* **EXERCISE REQUIREMENTS**:
An exact reproduction of the listing is wanted, with the pictures dropped.

* **AVAILABLE DATA**:
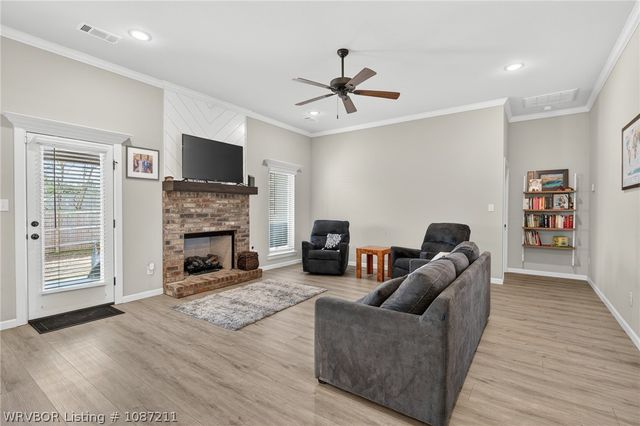 305 Boulder Drive, Van Buren, AR 72956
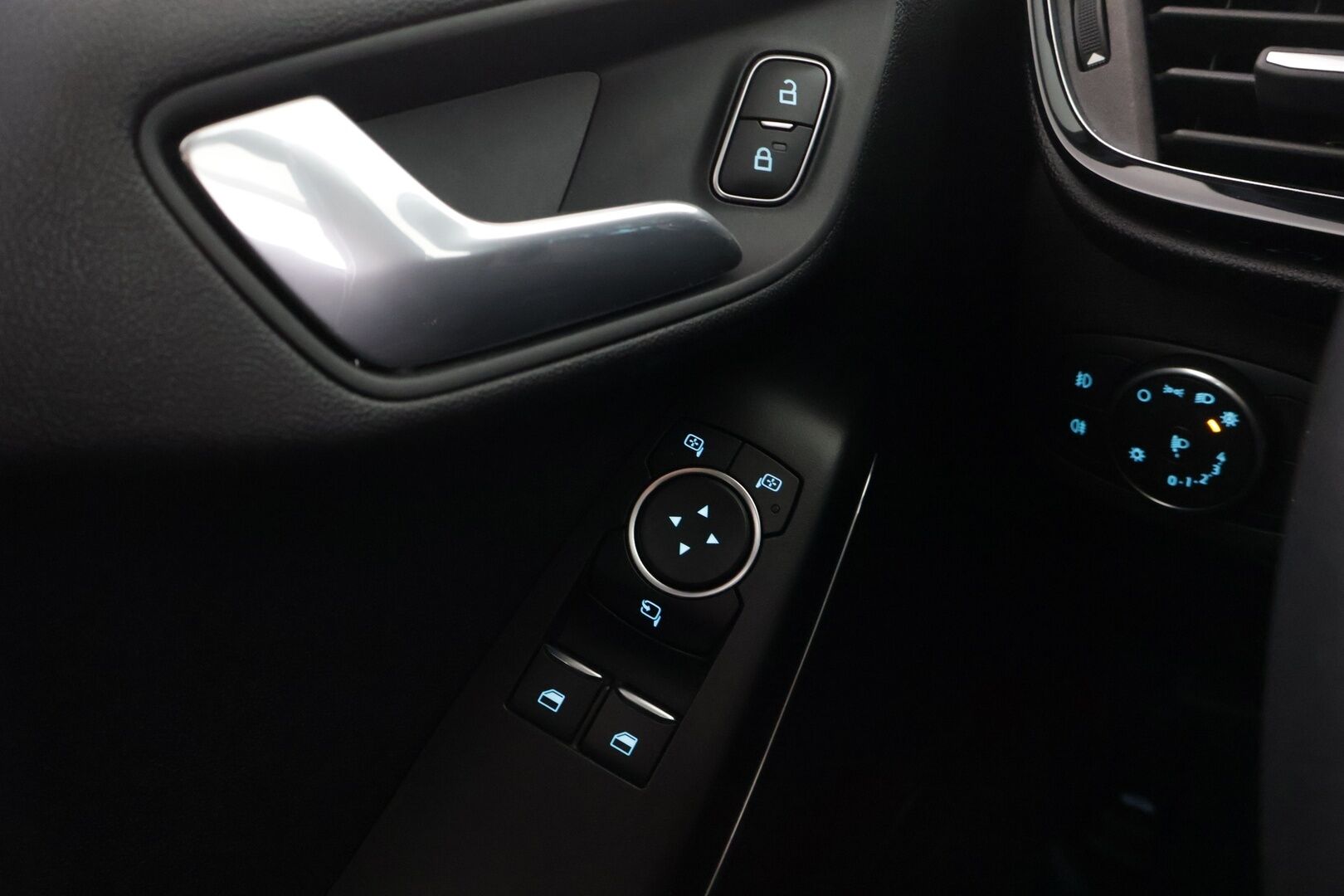 Ford Fiesta 2019 1,0 EcoBoost 100hv M6 Titanium 5-ovinen - Suomi-auto / Peruutuskamera / Vakkari / Carplay / Kaistavahti / Tutkat eteen ja taakse* 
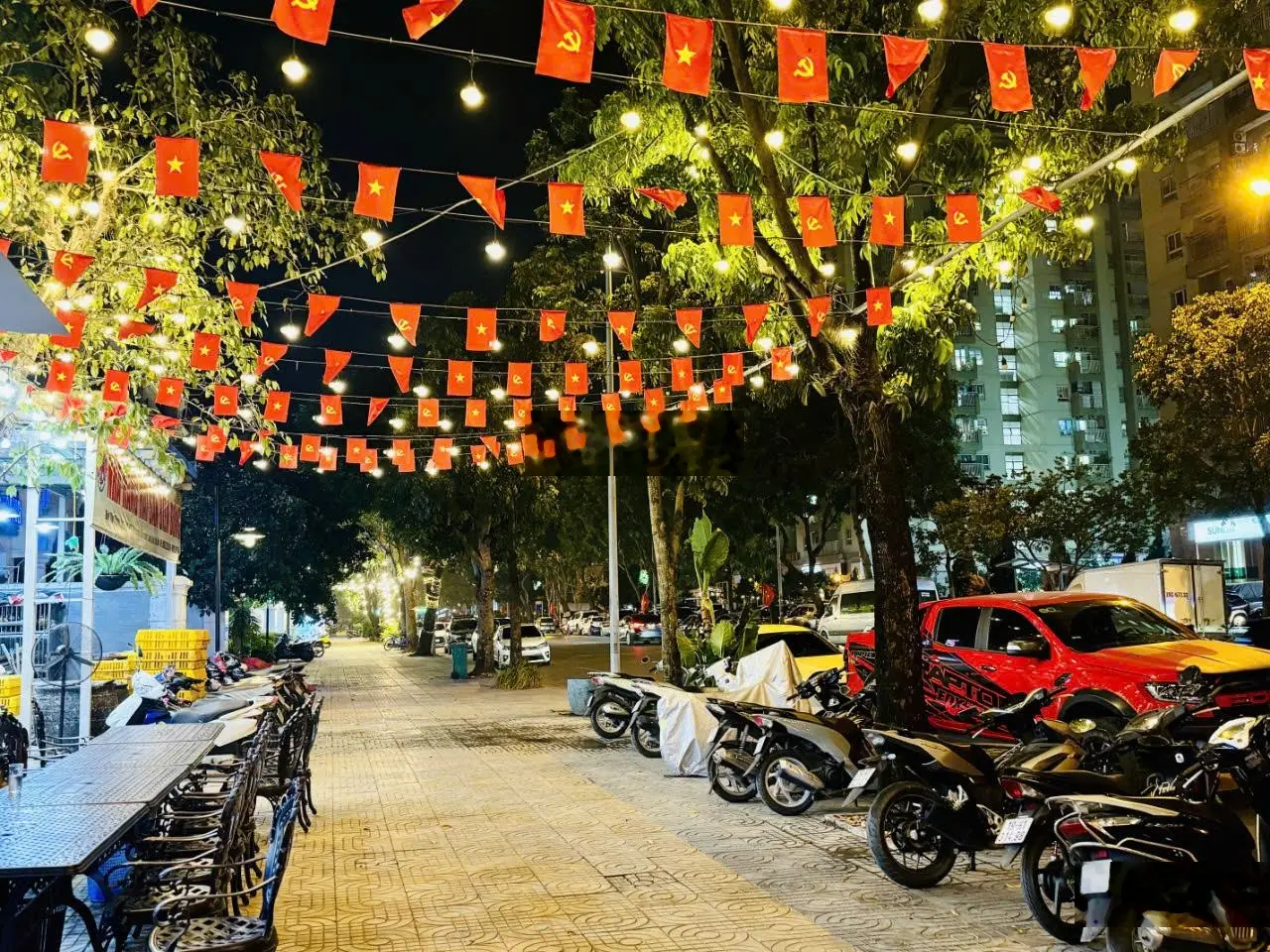 Bán Nhà hàng, Biệt thự Phong Lan Vinhome Riverside Long Biên, diện tích 216m2, giá 97 tỷ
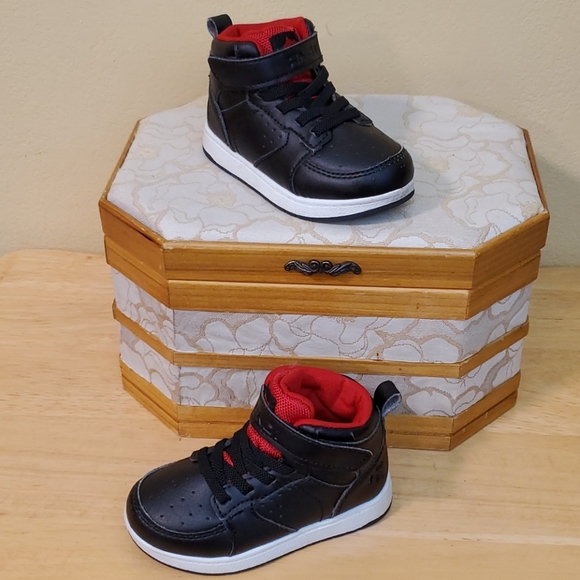 Cute Little Basketball High-Tops - Picture 4 of 9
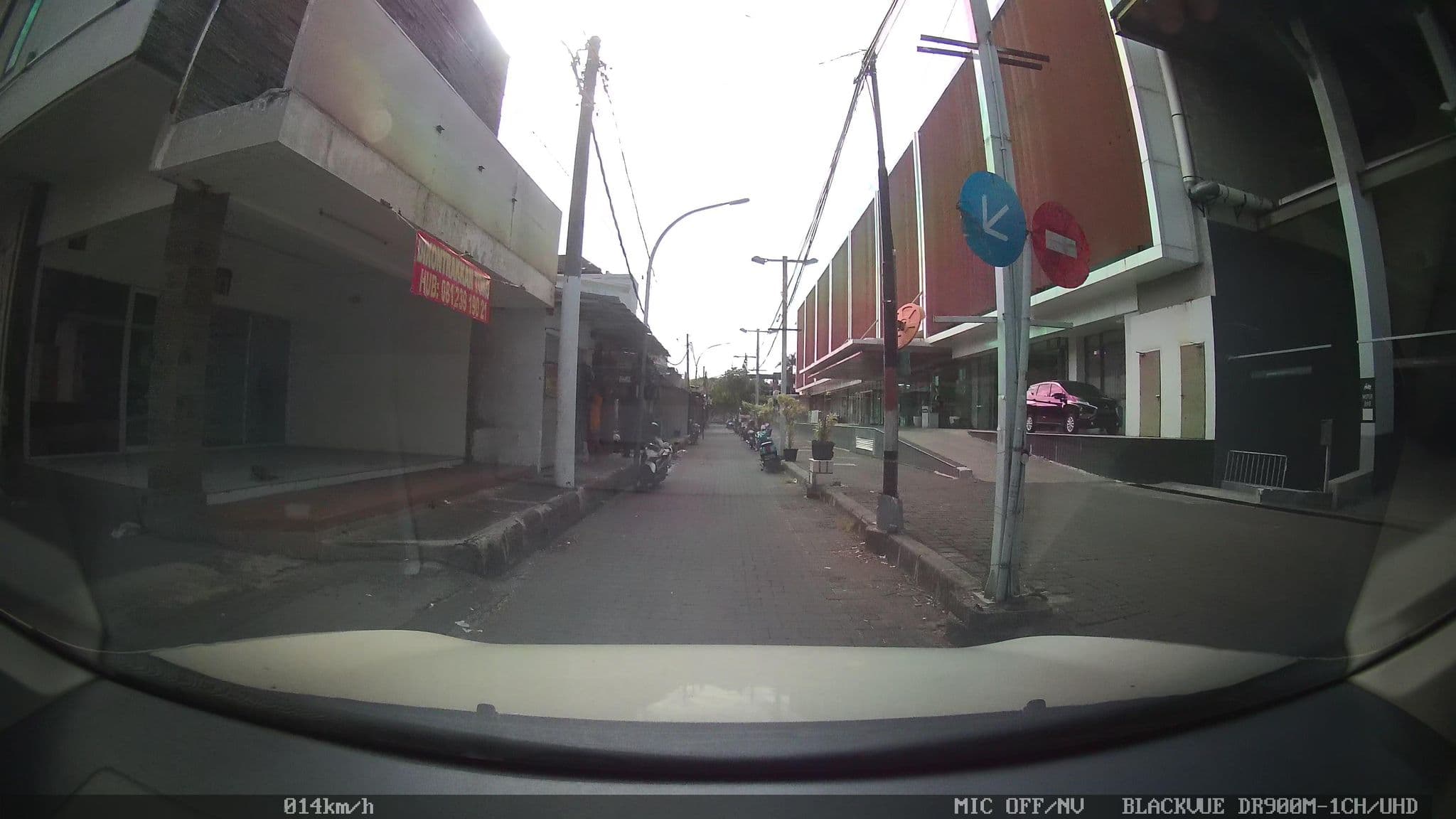 Street view near Bakung Beach Resort, Kuta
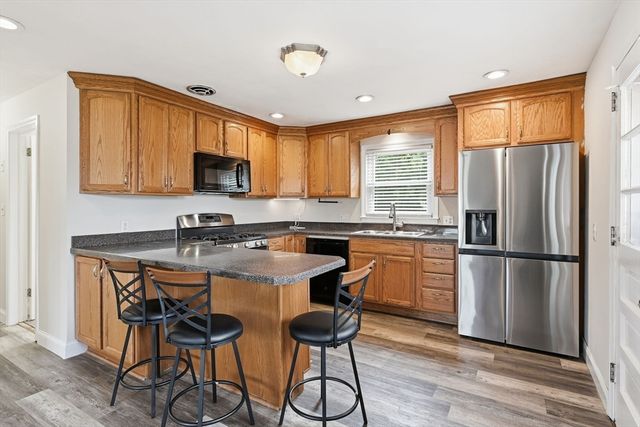 37 Saint Dennis St, Westfield, MA 01085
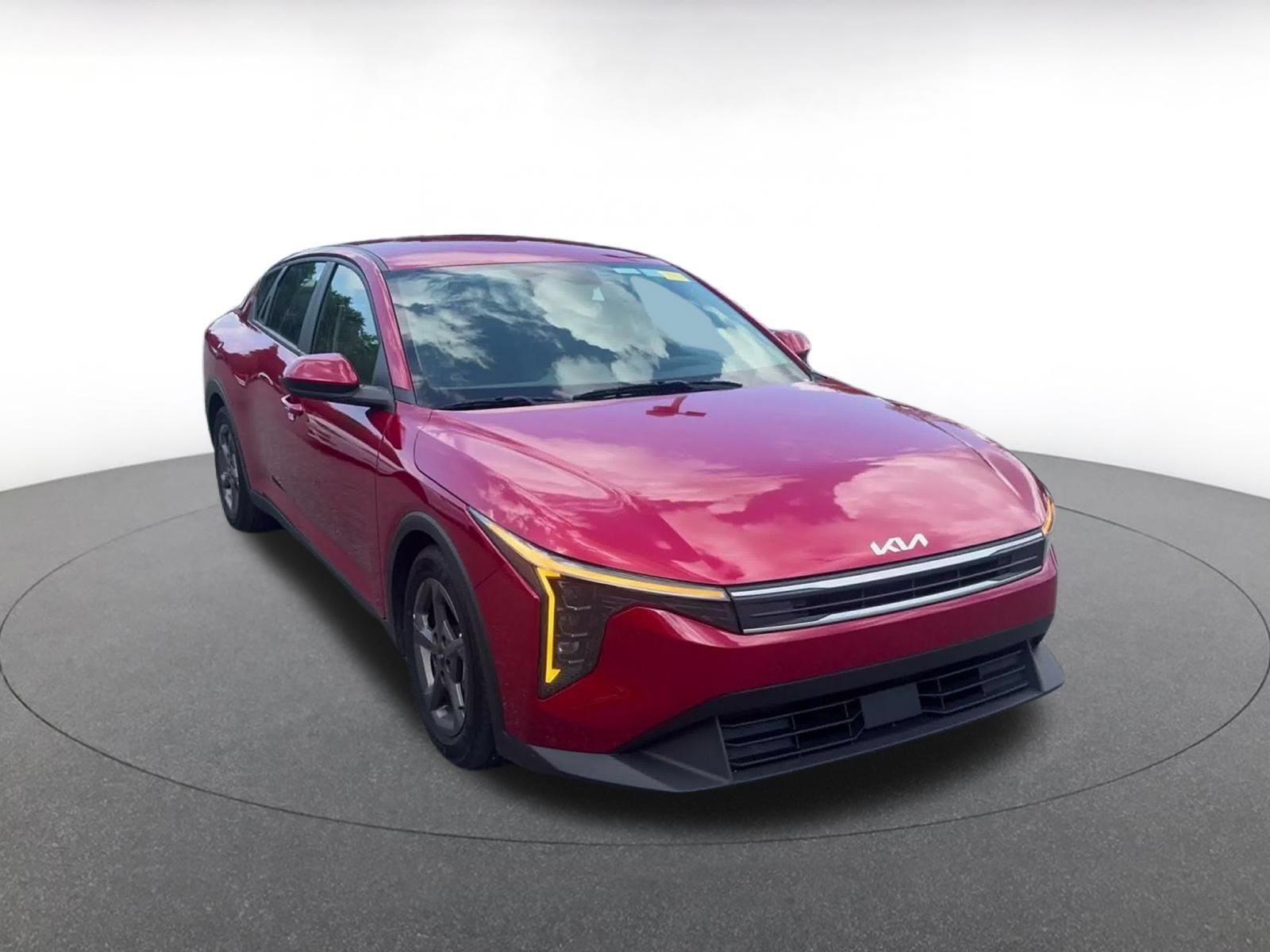 Used 2025 Kia K4 FWD image 2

* **EXERCISE SOLUTION**:
 305 Boulder Drive, Van Buren, AR 72956
 Ford Fiesta 2019 1,0 EcoBoost 100hv M6 Titanium 5-ovinen - Suomi-auto / Peruutuskamera / Vakkari / Carplay / Kaistavahti / Tutkat eteen ja taakse* 
 Bán Nhà hàng, Biệt thự Phong Lan Vinhome Riverside Long Biên, diện tích 216m2, giá 97 tỷ
 Cute Little Basketball High-Tops - Picture 4 of 9
 Street view near Bakung Beach Resort, Kuta
 37 Saint Dennis St, Westfield, MA 01085
 Used 2025 Kia K4 FWD image 2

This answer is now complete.